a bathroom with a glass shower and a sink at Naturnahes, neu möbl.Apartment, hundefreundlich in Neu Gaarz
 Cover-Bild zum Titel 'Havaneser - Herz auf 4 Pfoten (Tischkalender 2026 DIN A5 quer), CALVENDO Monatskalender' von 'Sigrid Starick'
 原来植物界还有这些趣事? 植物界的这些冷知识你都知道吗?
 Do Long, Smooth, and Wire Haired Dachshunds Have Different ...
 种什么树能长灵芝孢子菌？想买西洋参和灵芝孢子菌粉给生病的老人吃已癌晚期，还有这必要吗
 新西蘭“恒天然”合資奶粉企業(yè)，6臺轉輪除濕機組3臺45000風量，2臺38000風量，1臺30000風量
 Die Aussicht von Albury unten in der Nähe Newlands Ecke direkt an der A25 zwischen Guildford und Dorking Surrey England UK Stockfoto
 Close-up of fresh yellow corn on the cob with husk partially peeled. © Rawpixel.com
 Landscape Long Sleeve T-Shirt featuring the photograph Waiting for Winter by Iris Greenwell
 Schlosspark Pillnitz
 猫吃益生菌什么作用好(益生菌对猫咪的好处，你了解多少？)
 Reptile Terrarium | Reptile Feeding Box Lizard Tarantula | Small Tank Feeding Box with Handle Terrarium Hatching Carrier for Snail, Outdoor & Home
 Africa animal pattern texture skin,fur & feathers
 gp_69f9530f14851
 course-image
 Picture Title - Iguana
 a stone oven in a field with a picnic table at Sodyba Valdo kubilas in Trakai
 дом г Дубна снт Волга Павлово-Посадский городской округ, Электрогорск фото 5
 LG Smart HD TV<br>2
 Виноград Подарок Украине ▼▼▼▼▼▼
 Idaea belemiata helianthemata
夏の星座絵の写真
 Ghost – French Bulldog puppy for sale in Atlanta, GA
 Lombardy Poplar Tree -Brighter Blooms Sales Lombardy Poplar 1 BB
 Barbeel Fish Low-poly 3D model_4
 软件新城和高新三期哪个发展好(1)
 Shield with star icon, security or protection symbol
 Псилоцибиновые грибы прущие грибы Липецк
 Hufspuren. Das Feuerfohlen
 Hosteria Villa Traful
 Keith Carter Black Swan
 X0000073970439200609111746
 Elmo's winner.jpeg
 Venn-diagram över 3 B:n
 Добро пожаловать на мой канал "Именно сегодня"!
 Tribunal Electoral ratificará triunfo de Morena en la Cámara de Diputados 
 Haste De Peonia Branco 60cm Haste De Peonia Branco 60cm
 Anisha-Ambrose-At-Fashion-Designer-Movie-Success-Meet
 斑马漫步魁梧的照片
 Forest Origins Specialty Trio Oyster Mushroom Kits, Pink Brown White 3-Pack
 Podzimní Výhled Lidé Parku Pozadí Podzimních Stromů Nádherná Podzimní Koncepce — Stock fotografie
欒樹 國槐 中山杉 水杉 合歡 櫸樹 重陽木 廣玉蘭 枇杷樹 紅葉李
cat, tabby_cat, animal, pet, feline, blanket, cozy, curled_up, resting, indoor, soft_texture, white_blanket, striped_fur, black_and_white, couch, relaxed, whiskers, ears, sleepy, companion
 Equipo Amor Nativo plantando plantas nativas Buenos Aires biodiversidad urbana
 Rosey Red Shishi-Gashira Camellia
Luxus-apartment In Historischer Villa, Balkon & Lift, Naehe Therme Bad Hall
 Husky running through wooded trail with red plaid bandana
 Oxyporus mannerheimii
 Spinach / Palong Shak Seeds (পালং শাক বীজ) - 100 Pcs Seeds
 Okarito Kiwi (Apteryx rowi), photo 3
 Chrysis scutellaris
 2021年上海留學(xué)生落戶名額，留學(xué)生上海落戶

━━━━━━

◆ **TASK REQUIREMENTS**
As listed above, the lines from the line with "猫吃益生菌什么作用好(益生菌对猫咪的好处，你了解多少？)" to the line with "软件新城和高新三期哪个发展好(1)" are to be echoed exactly, with both ends included and nothing added.

◆ **RESULT OF THE EXERCISE**
 猫吃益生菌什么作用好(益生菌对猫咪的好处，你了解多少？)
 Reptile Terrarium | Reptile Feeding Box Lizard Tarantula | Small Tank Feeding Box with Handle Terrarium Hatching Carrier for Snail, Outdoor & Home
 Africa animal pattern texture skin,fur & feathers
 gp_69f9530f14851
 course-image
 Picture Title - Iguana
 a stone oven in a field with a picnic table at Sodyba Valdo kubilas in Trakai
 дом г Дубна снт Волга Павлово-Посадский городской округ, Электрогорск фото 5
 LG Smart HD TV<br>2
 Виноград Подарок Украине ▼▼▼▼▼▼
 Idaea belemiata helianthemata
夏の星座絵の写真
 Ghost – French Bulldog puppy for sale in Atlanta, GA
 Lombardy Poplar Tree -Brighter Blooms Sales Lombardy Poplar 1 BB
 Barbeel Fish Low-poly 3D model_4
 软件新城和高新三期哪个发展好(1)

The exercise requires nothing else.